SUPPLIED DATA Start Marker
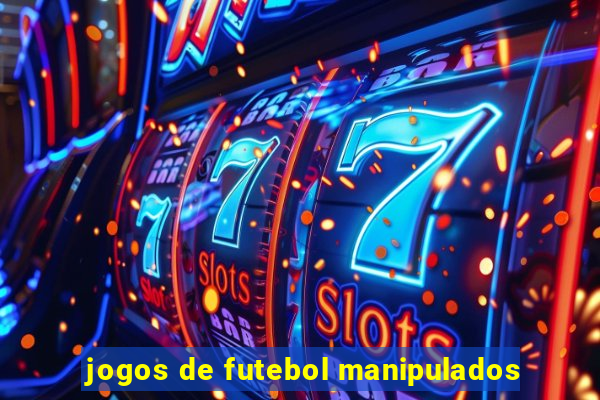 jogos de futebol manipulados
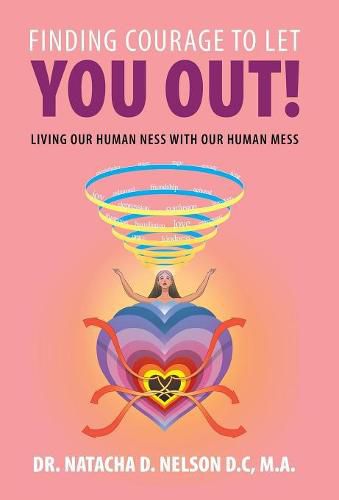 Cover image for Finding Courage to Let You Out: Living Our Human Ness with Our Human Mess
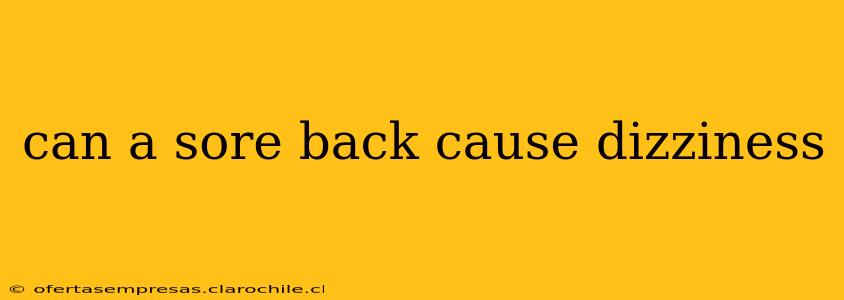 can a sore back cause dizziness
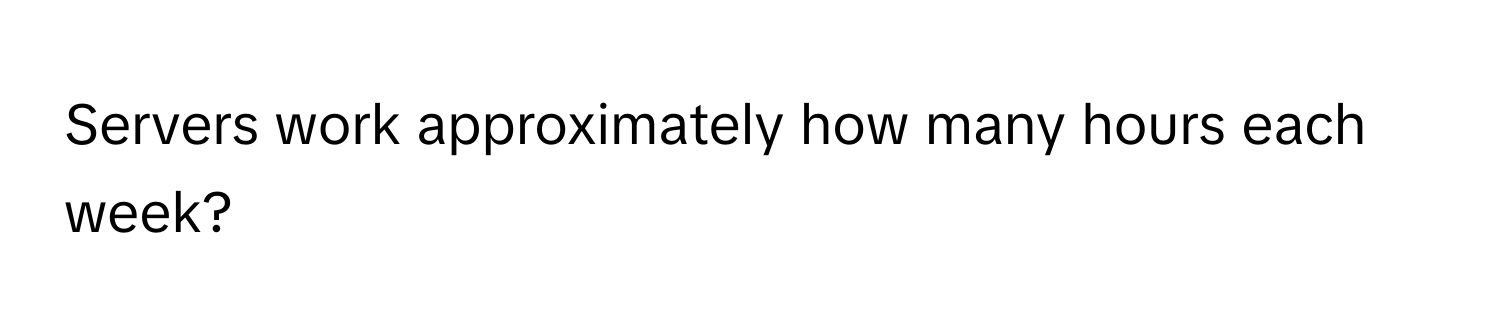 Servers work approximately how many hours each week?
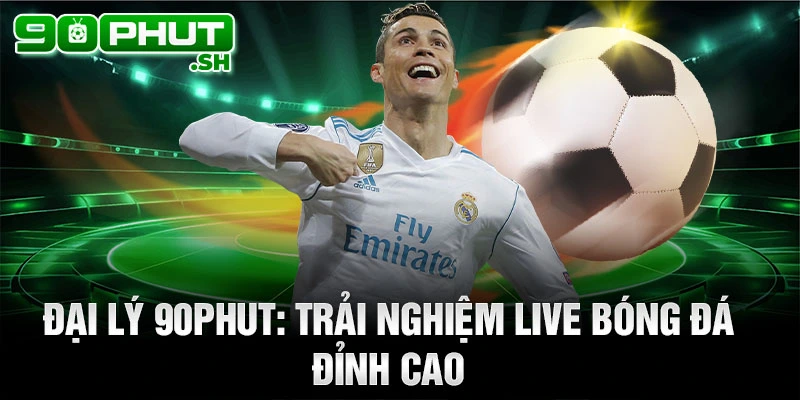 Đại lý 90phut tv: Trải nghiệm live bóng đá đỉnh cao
SUPPLIED DATA End Marker
SUPPLIED DATA Start Marker
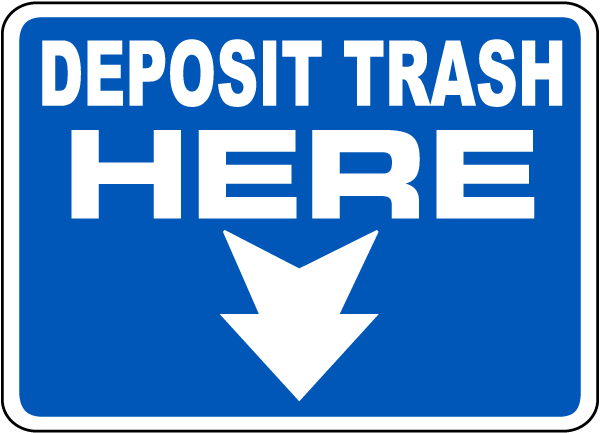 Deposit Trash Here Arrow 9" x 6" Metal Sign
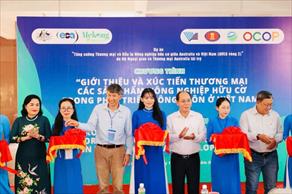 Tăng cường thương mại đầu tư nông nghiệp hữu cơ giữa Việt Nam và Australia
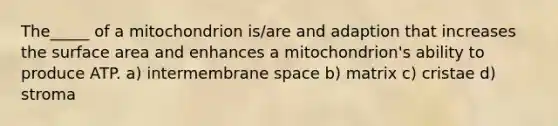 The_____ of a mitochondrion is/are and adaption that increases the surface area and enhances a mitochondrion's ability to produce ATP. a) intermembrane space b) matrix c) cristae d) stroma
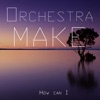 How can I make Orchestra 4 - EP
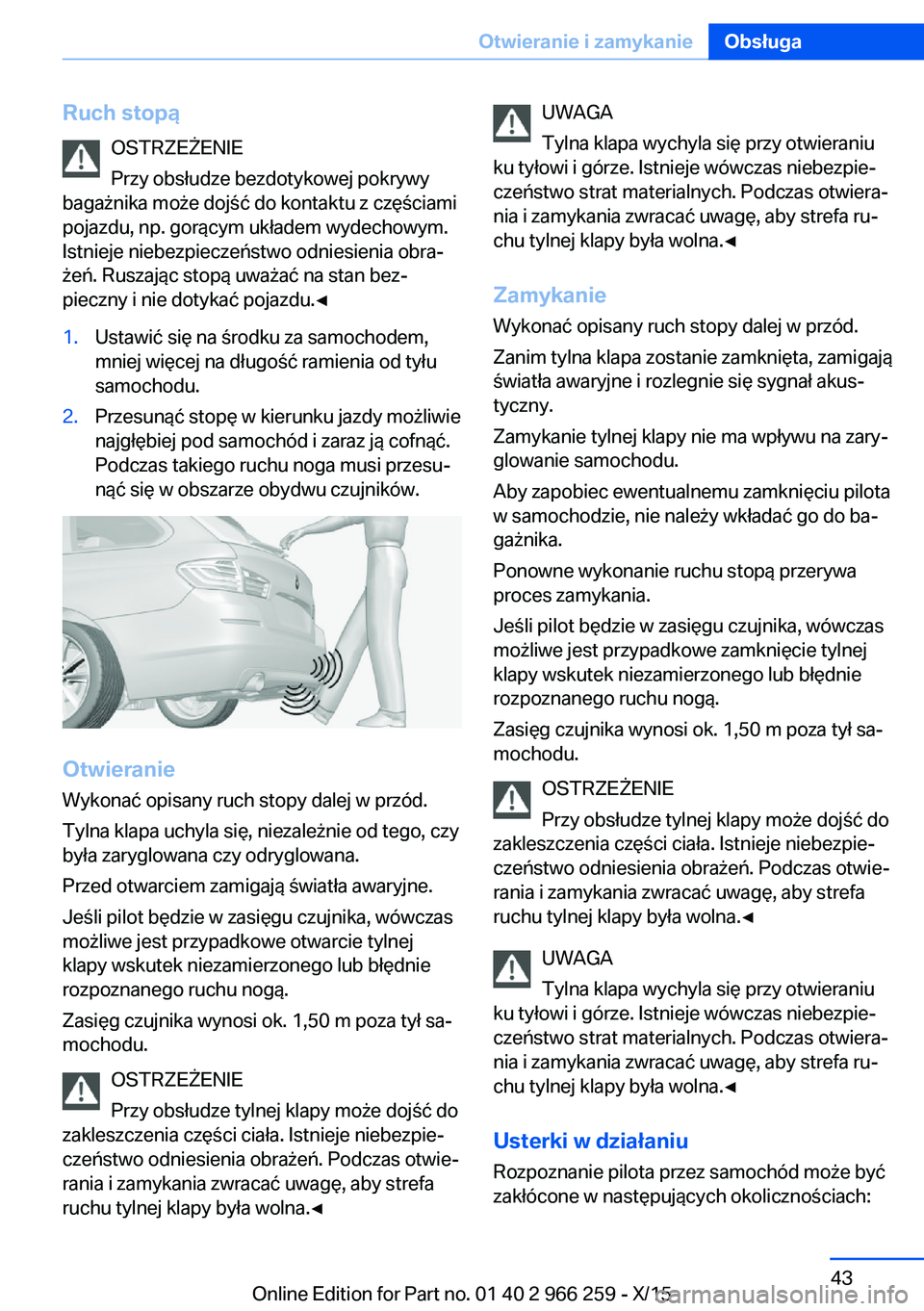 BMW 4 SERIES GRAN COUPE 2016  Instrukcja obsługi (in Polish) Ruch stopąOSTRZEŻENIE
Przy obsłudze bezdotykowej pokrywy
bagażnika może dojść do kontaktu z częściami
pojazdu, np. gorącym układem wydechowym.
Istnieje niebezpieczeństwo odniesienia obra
SUPPLIED DATA End Marker
__TASK PROMPT__: What you give back must be the stretch above, starting at the line with "pojazdu, np. gorącym układem wydechowym." and ending at the line with "Istnieje niebezpieczeństwo odniesienia obra", copied exactly.

__YOUR SOLUTION__:
pojazdu, np. gorącym układem wydechowym.
Istnieje niebezpieczeństwo odniesienia obra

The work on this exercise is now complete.